Emily K: And I think, you know, I remember taking a baby class and it was like the babies were all like nine months old and we were all bitching about like how we couldn’t fit into the jeans that we had before we were pregnant. And you know, like it was sort of like this nice commiseration where everybody was in the same boat and the instructor was basically like, I just want to stop you guys for a second. Because in most cultures, in most places you guys would still be like basically in the house with like your whole community bringing you food and checking on you and making sure that you’re feeling happy and like taking you for walks and like taking care of the baby so you could sleep. You guys have this idea that like this happens, you get the baby and then next thing you know you’re like at the stroller class and like everything’s fine and like,
Emily O: Right.
Emily K: Like you just made a human being, you made a human right.
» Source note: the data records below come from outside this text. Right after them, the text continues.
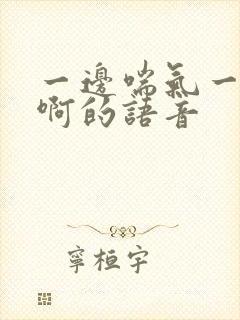 一边喘气一边叫啊的语音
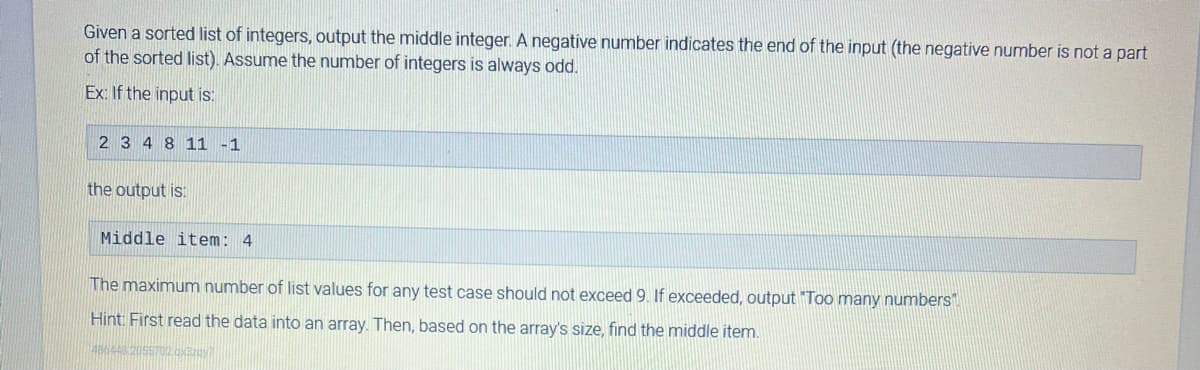 Given a sorted list of integers, output the middle integer. A negative number indicates the end of the input (the negative number is not a part
of the sorted list). Assume the number of integers is always odd.
Ex: If the input is:
2 3 4 8 11 -1
the output is:
Middle item: 4
The maximum number of list values for any test case should not exceed 9. If exceeded, output "Too many numbers".
Hint: First read the data into an array. Then, based on the array's size, find the middle item.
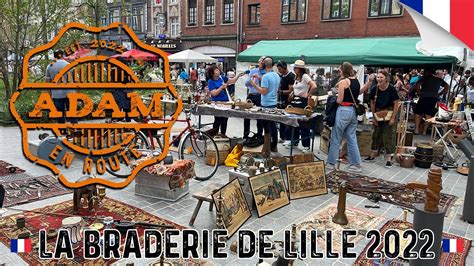 La Braderie de Lille 2022 version française YouTube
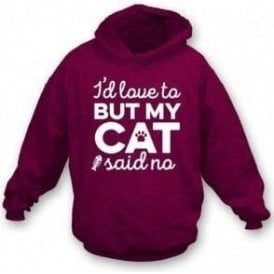 I'd Love To But My Cat Said No Hooded Sweatshirt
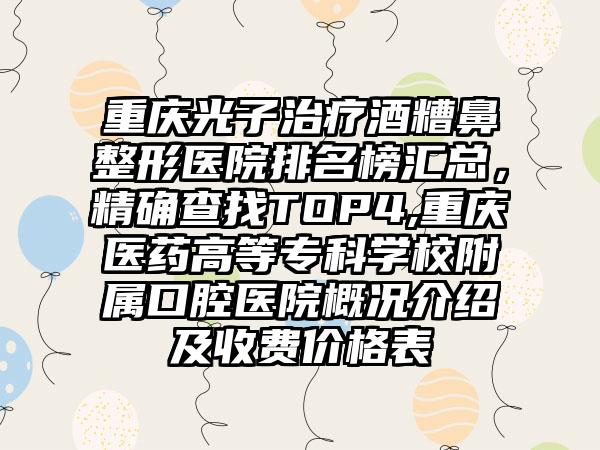 重庆光子治疗酒糟鼻整形医院排名榜汇总，严谨查找TOP4,重庆医药高等专科学校附属口腔医院概况介绍及收费价格表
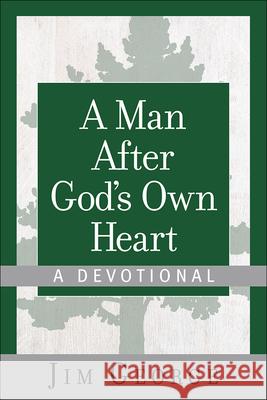 A Man After God's Own Heart--A Devotional Jim George 9780736959728 Harvest House Publishers - książka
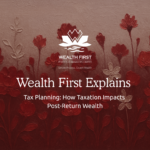 Tax Planning: How Taxation Impacts Post-Return Wealth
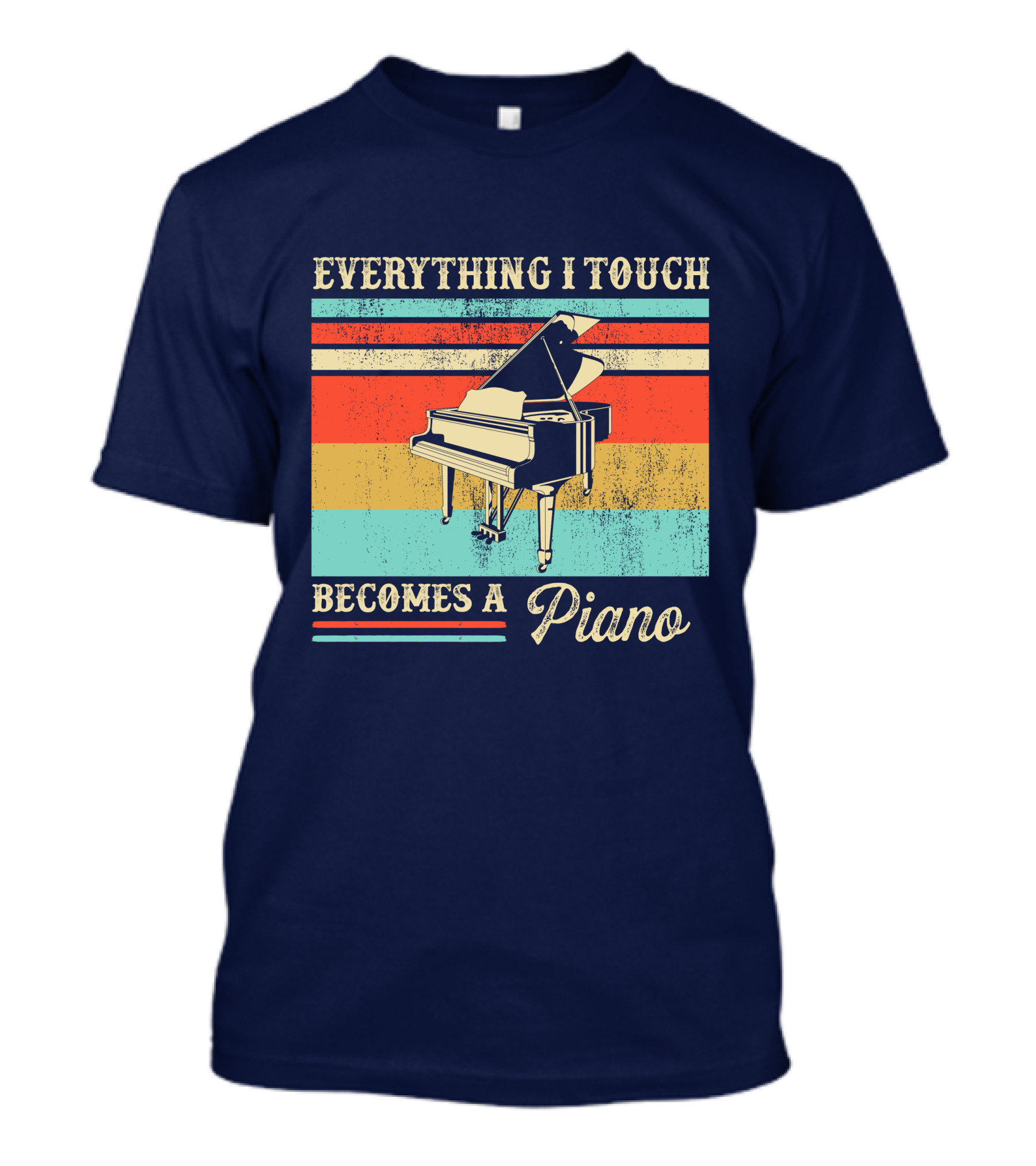 Everything I Touch Becomes A Piano Retro Piano T-Shirt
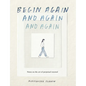 Begin Again, and Again, and Again: Notes on the Art of Perpetual Renewal - Hardcover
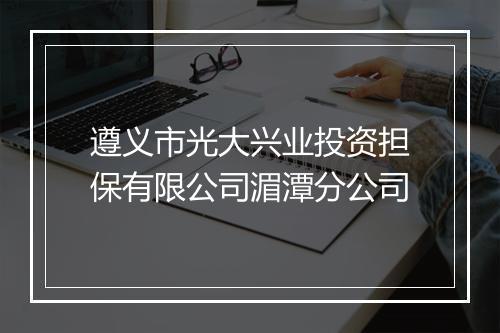 遵义市光大兴业投资担保有限公司湄潭分公司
Like that is the most incredible thing you might ever do in your entire life. Probably will be. Like, give yourself a minute. And that really stuck with me because I do think that like we don’t give ourselves or other mother’s permission to just take a minute and be like, you just made a fucking human like in your body without having to think about it. Like that’s insane in terms of like things that we can accomplish in our lives, right? Like that’s bananas and yet like we kind of assume like it’s not really going to have any impact other than like I’m just going to feel so much love and happiness and like whatever. And I think, you know, even there’ve been times that I’ve had conversations with my dad or like with other men who are like, you know, you have a baby. You know how many people like want a baby. And like now you have one. Like you should be so happy. And it’s like, wait, am I not supposed to say anything negative? Because that somehow negates the positive. These things are coexisting in my head. Why can I not articulate them? My whole life I’ve kept journals and when I had a really hard time postpartum, there was a part of me that thought maybe I shouldn’t be writing this down because what happens if my kids go back and read it? And they think that like they made it really hard for me. And in that exercise of questioning whether I should express myself in a way that I always do privately, right? I mean like that’s not for anybody else to read. But I do think like, you know, you never know if you’re going to get hit by a bus and people are going to find it. And you know that’s really interesting because that to me is a very clear cut way of like the idea of sort of self editing, of like what is acceptable and what is not and what is my responsibility as a mom to my children to make them not feel that they did something that was hard for me. Do you know what I mean? Like that’s ridiculous because it’s like the hardest things in life that ended up being the biggest periods of growth I think. And so why can I not be open about how motherhood is hard? Because that might make the child feel badly or it makes society feel badly or it makes people feel like there’s something flawed in me that I don’t just love being a mom all the time. Like that’s really hard.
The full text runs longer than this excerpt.